As we start again on the process to define Health Care Reform we must have agreement on several aspects.  Among them are:
• The elimination of waste and fraud in the Medicare and Medicaid Program must be addressed first and foremost,
• Medicare is not a solvent government program with an estimated $57 trillion dollars in unfunded liabilities so expanding or duplicating it must not be an option,
• Medicaid costs must not be expanded as an unfunded mandate on State governments,
• Mandatory coverage should NOT be enforced through fines, penalties, and potential imprisonment
• A Federal Government sponsored single payer system must not be established without the creation of a realistic budget neutral funding mechanism void of smoke and mirror politics and/or strategies which provide for ten years of tax receipts for a shorter period of benefits in an effort to make the first decade budget neutral and then uncontrolled entitlements thereafter,
• Health care reform must apply to American citizens only,
• The final plan must be equitable and provide “equal protection under the law” to all Americans and sub-divisions of the Nation so no individual State or group of people receive exemptions of any portion of the reform.

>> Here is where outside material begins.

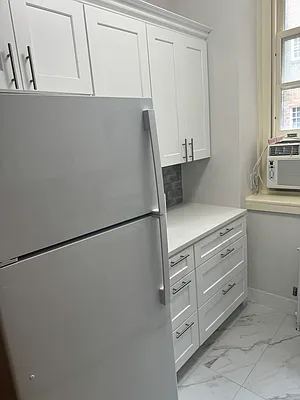 Rented by Compass | media 13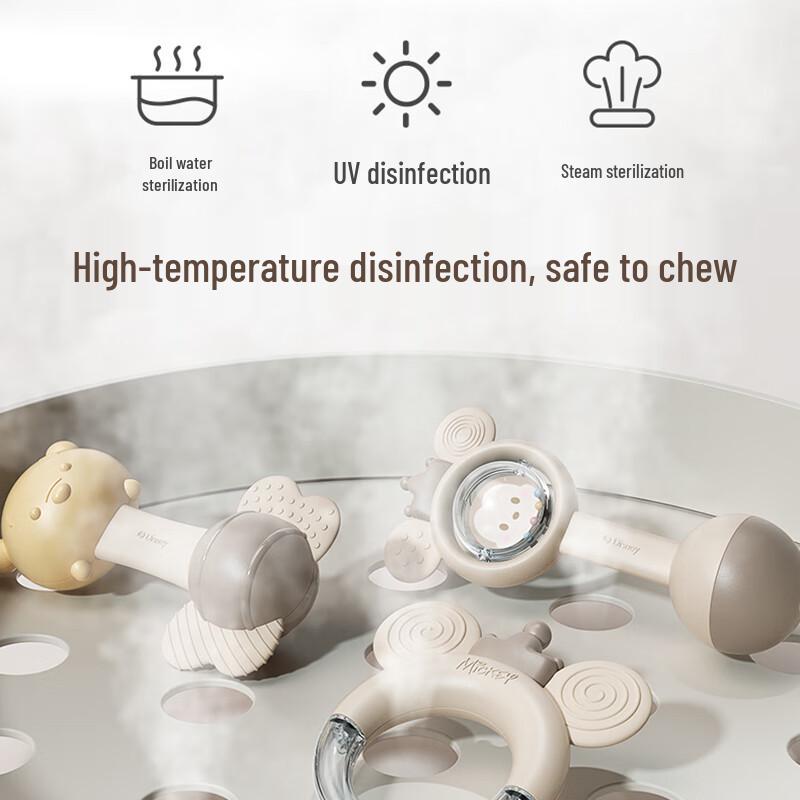 Set cadou Disney Baby cu inel de dentiție și zornăitoare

Many suggest we can create provide coverage to the uninsured by expending or creating a new Medicare “like” Program, and they point to the “success” we have with the current operation since its inception in 1965.  However, the reported success is grossly exaggerated in that the unfunded liability (the difference between the benefits that have been promised to current and future retirees versus what will be collected in dedicated taxes and Medicare premiums) for the current recipients and the 77 million baby boomers who will begin entering the system in 2011 is $89 trillion and it increased $4 trillion last year alone.  Furthermore, Medicare denies more claims than the top five leading health care insurance companies combined.   That is a success record we can ill afford to duplicate.


As your Senator, I will work to achieve concurrence on the following:
• An aggressive policy to eliminate waste and fraud within our current Medicare and Medicaid Programs – estimated to be in the range of $60 billion dollars a year,
• Allow for the issuance of health insurance programs across State lines,
• Tort Reform to end the ever growing popularity of using our court system as a lottery ticket which in turn increases all health care costs and necessitates the health care provider requesting additional tests for backup documentation.  We must place limits on judgments to reasonable reimbursement costs for malpractice and curb the runaway "pain and suffering" awards.  In addition, we must join the rest of the civilized world with a "loser pays" the legal expenses of the prevailing party to minimize the rising tide of frivolous lawsuits.
• Overhaul government regulations which preclude expedient delivery of new drugs, and provisions to strengthen patents to provide proprietary protection for the required years of research.
• A plan to develop and make catastrophic health care affordable


Please Note:   I make the commitment to all Ohioans to work diligently for the items listed above, but I will be only one vote in the Senate so I need your help.  We will discuss all the action steps at each of the town hall meetings and establish plans to garner support and push ahead with the agenda.